Les marchandises orientales qui payaient de plus grand droits et qui enrichissaient le pays, étaient à peu près les mêmes que celles que l'Orient envoie encore de nos jours à l'Occident. C'étaient diverses espèces d'épiceries, mais surtout du sucre, du brésil, du gingembre et du gros poivre [6] . Quelques économistes modernes voudraient faire reprendre au commerce son ancienne route, et amener les grandes caravanes des Indes, à ce Golfe arménien de la Méditerranée, en face de l'Ayas abandonnée, à Alexandrette, ou à une autre station voisine.


[1] «Extrahere fecimus de dictis nostris Quaternis de l'Ayacio», écrit Léon IV au doge de Venise, à propos du compte du coton que les Vénitiens avaient acheté aux Egyptiens, moyennant la somme de 24, 107 takvorines, mais ceux qui le leur avaient livré, en avaient exigé 27, 000, et Léon les leur avait payés.

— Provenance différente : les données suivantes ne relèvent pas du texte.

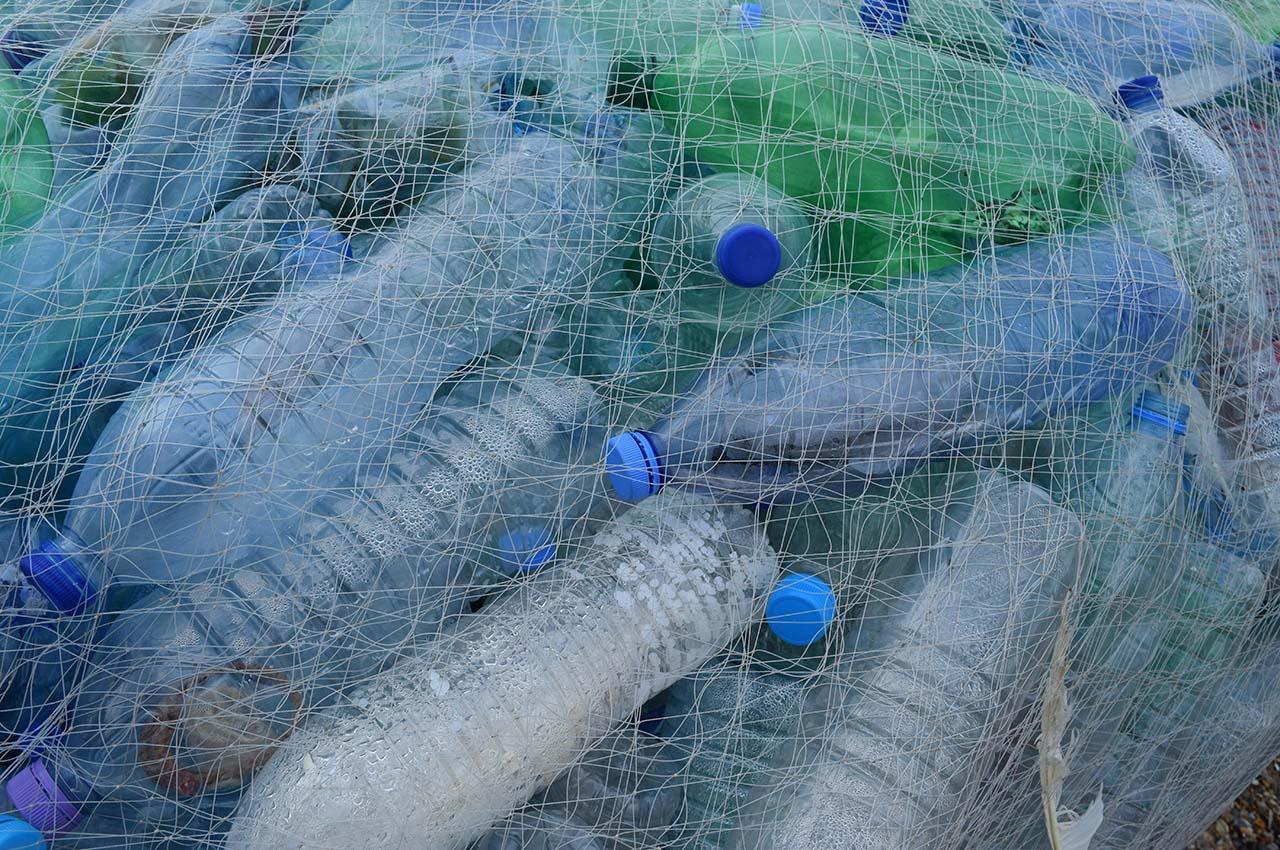 plastic-bottles-Matthew Gollop_Pixabay_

[2] Balducci Pegolotti, Pratica della Mercatura, Ch. VI.

[3] Le géographe Edrizi, cite les stations des caravanes entre Alep et Ayas; les voici: Hazarte (Azaze), Curis, le passage d'Amanus par le défilé de Sarouantikar, Missis, d'où l'on se rendait à Adana et à Tarse.

[4] Un peu plus loin, on trouvera la liste et l'énumération de ces taxes, d'après le décret de Léon II.

[5] Ces lettres qui ont été recueillies par V. Langlois et imprimées à l'Imprimerie de notre monastère sous ce titre: Trésor des Chartes de l'Arménie ou Cartulaire de la Chancellerie royale des Roupiniens, vont de 1201 à 1341. Toutes se répètent à peu de chose près. Elles sont écrites sur le ton d'un édit de privilège de Léon I er aux Vénitiens et aux Génois, l'an 1201. Léon a pris pour modèle les libelles des privilèges accordés par les rois de Jérusalem, de 1111 à 1123, aux mêmes trafiquants à Ptolémaïs.

[6] Dans les documents conservés aux archives de Venise, il est souvent parlé de ventes et d'achats de poivre à Ayas. Ainsi, l'an 1330, un certain Rubeo en avait emporté 300 livres. Ce qui donne à supposer, ou que les Arméniens l'apportaient des Indes, ou que ce fut un monopole. Quant au brésil, il est dit qu'en 1279, à Ayas, il en fut vendu par les Génois 510 rottoli, pour près de 2850 besants arméniens.